When you wrote code for tests you need to know what output is produced from given input. So if you can identify parts of code that work without dependencies (for example without calling the database and checking the results), you can easily test them. The more dependencies your code has (for example on external microservices) the more you have to mock. And if you mock too much, you will end up with code that has pretty high coverage but still the program will be full of bugs.

You have existing codebase, you you should start from parts which are easiest to understand, totally not partially. Controllers are pretty bad choice because they span lots of logic spread across multiple modules.
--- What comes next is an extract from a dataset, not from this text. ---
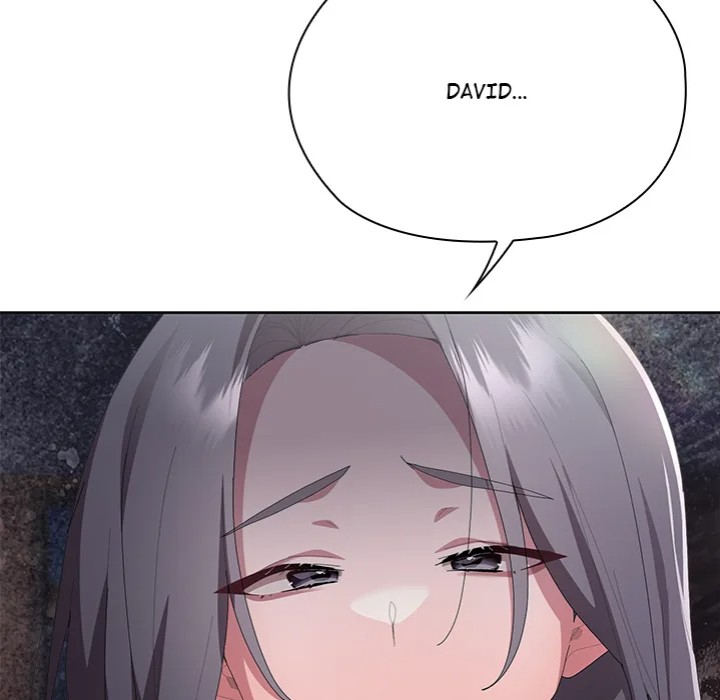Office Shitbag Alert Chapter 67 image 8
In the other hand, smaller models should be simpler, because they don't depend on other modules (for example only on the database which you should mock).

Look, my project is a frontend over some kind of analytical database, I have no control of the data I'm processing. My application has coverage of about 90% with single API call. That single tests shows that my application can connect to the database, fetch the data, process it, and present, yet we still have tons of problems, for example the title is missing here and there. The thing is, the title comes from external data and I can't do anything about it. If I had a test that will check that for given keyword all articles have tiles - this test will be meaningless.
What I can do - is to do opposite approach. Mock the data and test my applications logic (assume that the title is provided, and put error handling when it's not). Check that connection can be retried when timeout happens. Unfortunately this requires lots of mocking.
Most of the tests in my application focus on checking if the user input is producing correct database queries. The query building logic is done by few classes, all of them have no dependencies. I made them that way, so that is easy to test them. I choose to do that under influence of "functional paradigm" (something different than object oriented programming).